Do you know what really grinds my gears? Changing rooms. If they aren’t filled with screeching children peeking under the doors as their haggard parents scream expletives, there’s always the middle aged attendant asking if you would possibly like the size up after wrestling for half an hour with the zip. Worst of all the curtains rarely reach the edges giving unsuspecting passers-by an unannounced glance of half an arse cheek. The locks don’t work, the doors are too small, the curtain hooks are broken and a complete stranger walked in on you starkers attempting to escape the irate and expansive queue.

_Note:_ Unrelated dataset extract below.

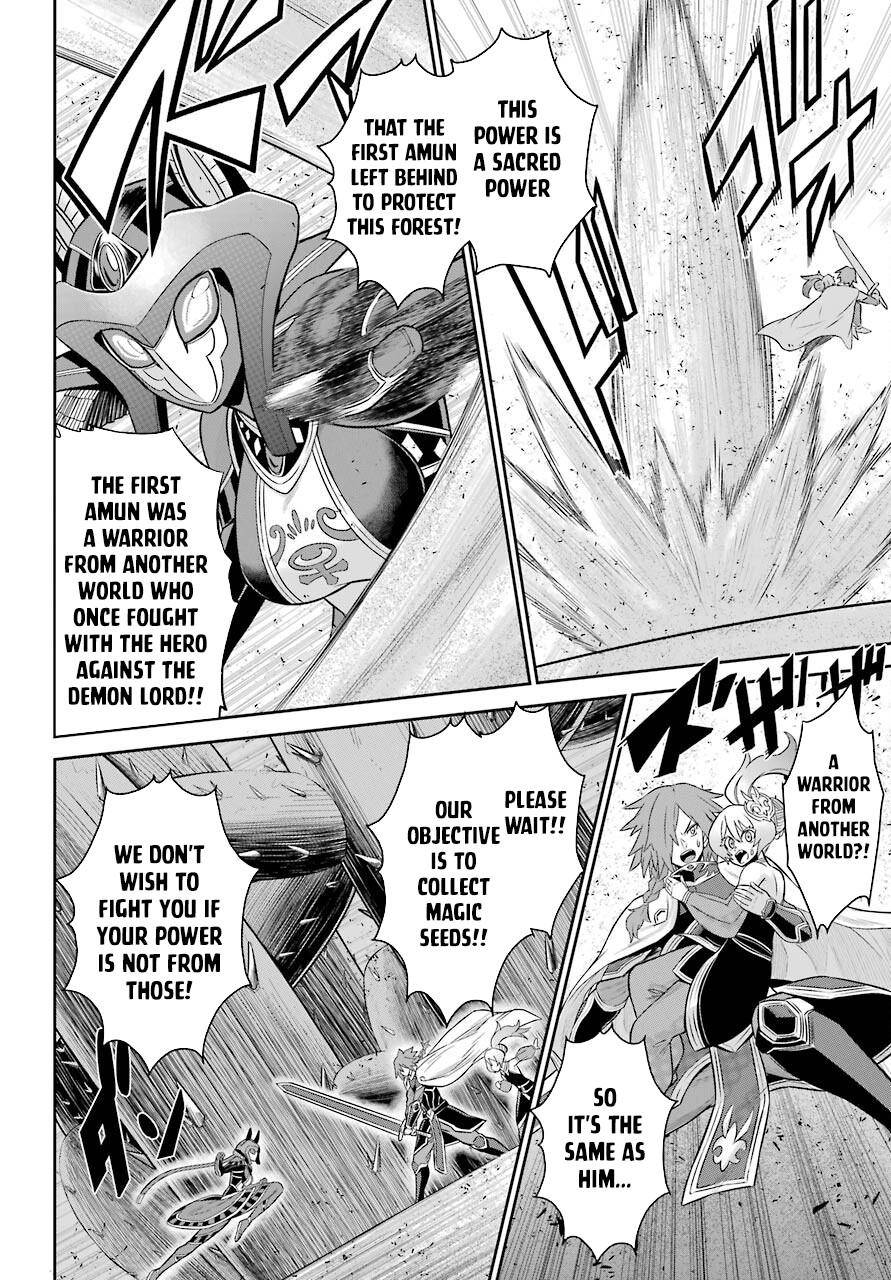 The Red Ranger Becomes an Adventurer in Another World Chapter 9 - Page 7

Now perhaps this is a slightly biased female perspective, men seem to enter a shop and be one of three sizes S, M L, no trying on necessary, pick a size and Bob’s your uncle, whoever he may be. Women do not only have their size to worry about, it’s the shape of your size. Are you a 34DD top heavy with spindly size 6 legs? Do you have the classic patronisingly ‘British pear shape,’ tiny wee breasts with nicely rounded hips and bum that friends reassure you is just like J-Lo? This is before we’ve even got on to ‘styling for your shape,’ a term so endeared to by all those television ‘stylists’ who grab their victims wobbly bits in front of a mirror, smile smugly as they weep hysterically about their lack of self esteem, and fix their lifetimes insecurities with an A line skirt. While Gok Wan proudly parades stretch marks and cellulite around shopping centres across the UK, I’m not so sure we should be subject to this when minding our own business on the high street.
Fancy stores are no better, heavy curtains and human sized doors they may have, but when you ask the dopey weekend girl to hold on to the tights you can’t take in, they mysteriously disappear by the time you exit the fitting rooms, hot and bothered, red in the face, giving up on the whole idea. Who needs new clothes anyway?